[PRI-280] Nightly notebook install check#901
Conversation
Catches the failure mode that caused PRI-280: a transitive dependency in one of the example notebooks silently caps `tabpfn` below the latest PyPI release, so Colab users get an outdated model. Two files: - tests/test_notebook_installs.py Parses pip-install lines from each `examples/notebooks/*.ipynb` and reproduces the install sequence in a fresh per-notebook venv. Asserts the resolved `tabpfn` version matches the current latest on PyPI. Skipped by default; enabled via RUN_NOTEBOOK_INSTALL_CHECK=1. Sets UV_NO_CONFIG=1 in the subprocess env so any [tool.uv] config in the repo's pyproject.toml (e.g. `exclude-newer = "7 days"`) doesn't bleed into the simulated user environment. Without this the test would produce false positives when a freshly-released dep is excluded by exclude-newer and the resolver falls back to a stale capped version. Network failures during install or PyPI metadata fetch are treated as infra issues (test skip, not fail) so a flaky PyPI doesn't open false tracking issues from the nightly run. - .github/workflows/nightly-notebook-check.yml Daily cron at 07:17 UTC + workflow_dispatch. Runs the test against the live PyPI index. On failure, opens or comments on a tracking GitHub issue with the `nightly-failure` label — scheduled-run failures don't notify maintainers by default, so we make the failure visible by surfacing it in the issue tracker. `pytest --noconftest` is used because tests/conftest.py imports numpy/torch and the runner here doesn't install them (the test creates its own per-notebook venvs). Verified end-to-end locally: with the cap fix in tabpfn-extensions 0.3.0 now live on PyPI, both notebooks resolve `tabpfn==7.1.1` and the test passes. With UV_NO_CONFIG omitted, the test correctly fails because TabPFN's repo-local `exclude-newer = "7 days"` excludes the 3-day-old 0.3.0 release and the resolver falls back to 0.2.2 → 6.4.1. That negative test confirms the assertion catches the real bug class.
|
Codex usage limits have been reached for code reviews. Please check with the admins of this repo to increase the limits by adding credits. |
There was a problem hiding this comment.
Code Review
This pull request introduces a new test suite in tests/test_notebook_installs.py designed to verify that example notebooks correctly resolve the tabpfn package to its latest PyPI release. The test simulates a fresh installation environment using uv to detect potential transitive dependency conflicts. Feedback focuses on optimizing the PyPI version lookup through caching and improving the portability of the test suite by handling cross-platform path differences for virtual environments.
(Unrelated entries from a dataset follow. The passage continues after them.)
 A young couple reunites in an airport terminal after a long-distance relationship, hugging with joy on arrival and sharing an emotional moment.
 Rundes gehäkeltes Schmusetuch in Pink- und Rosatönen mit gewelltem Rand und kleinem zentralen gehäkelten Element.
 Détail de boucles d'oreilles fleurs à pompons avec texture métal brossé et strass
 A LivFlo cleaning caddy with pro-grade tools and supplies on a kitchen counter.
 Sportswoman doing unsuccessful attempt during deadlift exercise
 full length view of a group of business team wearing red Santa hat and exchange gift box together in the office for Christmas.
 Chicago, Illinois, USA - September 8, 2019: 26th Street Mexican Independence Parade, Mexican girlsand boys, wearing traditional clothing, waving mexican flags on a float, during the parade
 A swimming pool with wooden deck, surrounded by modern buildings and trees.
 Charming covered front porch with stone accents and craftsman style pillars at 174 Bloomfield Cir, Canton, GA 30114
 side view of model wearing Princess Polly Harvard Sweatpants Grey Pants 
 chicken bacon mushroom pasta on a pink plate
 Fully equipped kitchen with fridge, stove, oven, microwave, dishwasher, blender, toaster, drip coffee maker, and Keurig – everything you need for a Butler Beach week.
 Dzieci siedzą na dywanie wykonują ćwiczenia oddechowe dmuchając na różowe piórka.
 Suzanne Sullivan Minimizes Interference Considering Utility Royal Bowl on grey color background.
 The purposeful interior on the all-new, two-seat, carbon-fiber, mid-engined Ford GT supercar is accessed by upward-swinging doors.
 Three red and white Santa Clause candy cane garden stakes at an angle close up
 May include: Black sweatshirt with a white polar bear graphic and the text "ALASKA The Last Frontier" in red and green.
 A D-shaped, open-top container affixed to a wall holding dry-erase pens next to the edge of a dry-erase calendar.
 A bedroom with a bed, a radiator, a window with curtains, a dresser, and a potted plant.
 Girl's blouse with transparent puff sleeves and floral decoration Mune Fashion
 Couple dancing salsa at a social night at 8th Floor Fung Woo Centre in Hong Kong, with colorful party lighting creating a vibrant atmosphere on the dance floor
- Suppress S603/S607 on subprocess calls (uv args come from controlled notebook source, uv intentionally found via PATH). - Suppress S310 on the urlopen (hardcoded https://pypi.org URL, no scheme ambiguity) — same pattern as src/tabpfn/model_loading.py. - Cast json-loaded version string to str so mypy stops complaining about Returning Any. - Add explicit check=False on the install subprocess (return code is inspected manually). - Wrap the over-long stderr-tail line. - Unquote the cron expression to satisfy yamllint. - Apply ruff format. Verified: `ruff check` + `ruff format --check` both pass; the test still passes locally with RUN_NOTEBOOK_INSTALL_CHECK=1.
- @functools.lru_cache on _latest_tabpfn_version: hit PyPI once per session instead of once per notebook. Also makes assertion stable if a tabpfn release happens to land mid-test-session. - Cross-platform PATH/bin construction: use os.pathsep and `Scripts` on Windows. CI is ubuntu-only, but local-on-Windows now works.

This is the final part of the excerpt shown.